Shibboleth Attribute Usage and Derivation
This was a working document belonging to the Computing Service's Shibboleth Development Project. This project is complete (Raven now supports Shibboleth) and this document only remains for historical and reference purposes. Be aware that it is not being maintained and may be misleading if read out of context.
Introduction
Shibboleth's ability to support authorisation depends on IdPs releasing values for relevant attributes, and on IdPs and SPs agreeing their meaning. The choice of attributes and their meaning is a matter either for bilateral agreement between IdPs and SPs, or for agreement between the members of a federation.
As far as 'formal' Shibboleth use in the UK goes, the UK Access Management Federation for Education and Research is likely to be the driving force for the foreseeable future. This will be particularly true of the use of Shibboleth as a replacement for Athens. This document reviews the attributes recommended for use within the UK Federation, their definitions, and sets out out options for populating them with particular reference to Athens replacement. A number of open questions appear in the text.

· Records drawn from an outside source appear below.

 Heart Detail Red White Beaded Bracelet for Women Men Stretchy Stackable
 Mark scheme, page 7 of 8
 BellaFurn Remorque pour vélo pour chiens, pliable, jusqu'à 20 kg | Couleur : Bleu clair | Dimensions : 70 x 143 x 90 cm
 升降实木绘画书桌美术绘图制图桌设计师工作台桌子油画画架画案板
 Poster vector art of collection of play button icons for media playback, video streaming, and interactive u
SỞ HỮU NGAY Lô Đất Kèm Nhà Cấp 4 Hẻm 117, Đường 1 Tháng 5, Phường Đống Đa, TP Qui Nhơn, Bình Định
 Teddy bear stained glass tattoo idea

UK Federation attribute policy
The UK Federation defines four attributes that identity providers are recommended to support, and that service providers should consider when setting attribute requirements. From [UKTRP] sec. 7:
- eduPersonScopedAffiliation. This attribute indicates the user's relationship (e.g., staff, student, etc.) with the organisation. For many applications, examination of this attribute is sufficient to determine whether the user has sufficient privilege to access the resource.

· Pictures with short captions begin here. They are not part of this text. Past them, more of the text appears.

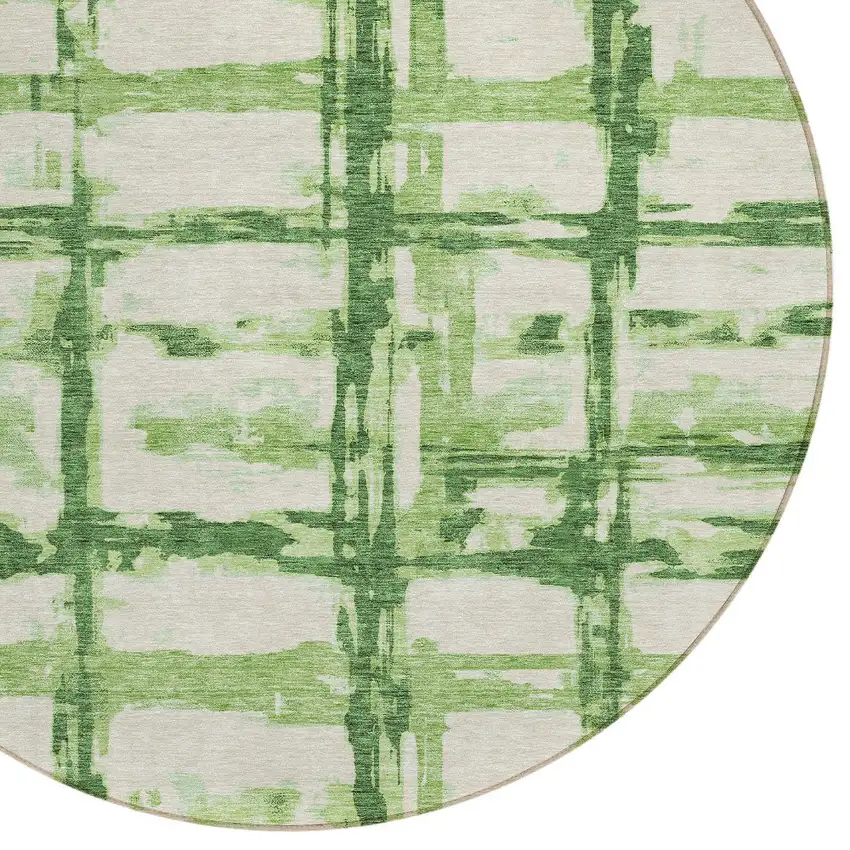 8' Artichoke Green And Emerald Round Striped Washable Indoor Outdoor Area Rug Photo 4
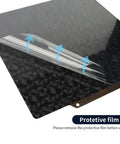 Dual Sided PEI 300x300 Build Plate With Smooth And Textured Surfaces showing protective film removal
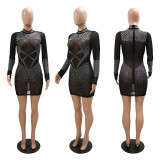 Sexy long-sleeved see-through hot drill bag hip slimming dress without panties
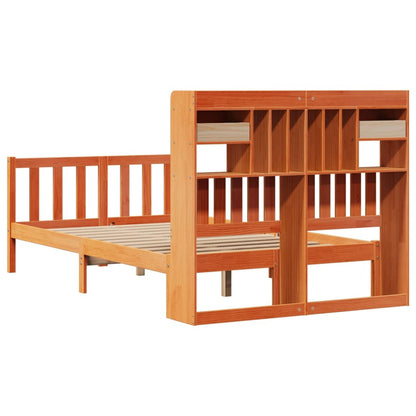 vidaXL Bookcase Bed without Mattress Wax Brown 135x190 cm Double Solid Wood Pine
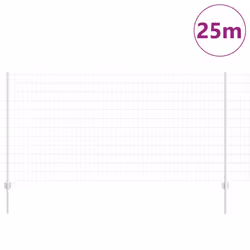 vidaXL Recinzione con pali. Argento 1.2 x 25 m Acciaio - Vista aggiuntiva 3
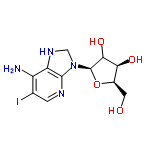 InChI=1/C11H15IN4O4/c12-4-1-14-10-7(6(4)13)15-3-16(10)11-9(19)8(18)5(2-17)20-11/h1,5,8-9,11,15,17-19H,2-3H2,(H2,13,14)/t5-,8+,9?,11-/m1/s1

- eduPersonTargetedID. If a service provider is presented only with the affiliation of an anonymous subject, as provided by eduPersonScopedAffiliation, it cannot provide service personalisation or usage monitoring across sessions. These capabilities are enabled by the eduPersonTargetedID attribute, which provides a persistent user pseudonym, distinct for each service provider.
- eduPersonPrincipalName. This attribute is used where a persistent user identifier, consistent across different services, is required. It often corresponds to the user's single sign-on (SSO) name, and may be useful for securing both internal institutional services and external services where access control lists are used.
- eduPersonEntitlement. This attribute enables an organisation to assert that a user satisfies an additional set of specific conditions that apply for access to a particular resource. A user may possess different values of the eduPersonEntitlement attribute relevant to different resources.
Federation policy recommends that wherever possible only the first two attributes (eduPersonScopedAffiliation and eduPersonTargetedID) should be required by SPs.
The four core attributes are derived from definitions in the EduPerson Object Class Specification ( [eduPerson03] and/or [eduPerson06]), but note that the the definition of eduPersonPrincipalName changed significantly between [eduPerson03] and [eduPerson06].
Sec 7.3 and 7.5 of [UKTRP] acknowledges that additional attributes may be required in some cases. Sec 7.4 recommends that these should if possible be taken from the eduPerson object class ([eduPerson06, eduPerson03]), the person and organizationalPerson object classes (X.521), or the inetOrgPerson object class (RFC 2798). MIMAS Landmap, for example, appears to optionally accept givenName, sn, ou, and mail, presumably to support account provisioning. It is likely that these and other similar attributes would be useful for Shibboleth deployments within the University.
Core attribute definition and use
Three of the four core attributes are 'scoped' and share a common syntax: local-part@security-domain, where local-part is attribute-specific and security-domain is a DNS name that the federation operator has verified is registered to the identity provider's owner. In effect this provides a partitioned namespace within which IdPs can create unique names. According to [UKTRP] sec. 7.1.1 "Institutions in the HE/FE sector are recommended to use their principal institutional domain name as their scope".
Specific issues for the four core attributes are as follows:
eduPersonScopedAffiliation (ePSA)
This is defined in [UKTRP] sec. 7.1.2 and [eduPerson06] sec. 2.2.9. [UKTRP] says:
- "This attribute enables an organisation to assert its relationship with the user. This addresses the common case where a resource is provided on a site licence basis, and the only access requirement is that the user is a bona fide member of the organisation, or a specific school or faculty within it.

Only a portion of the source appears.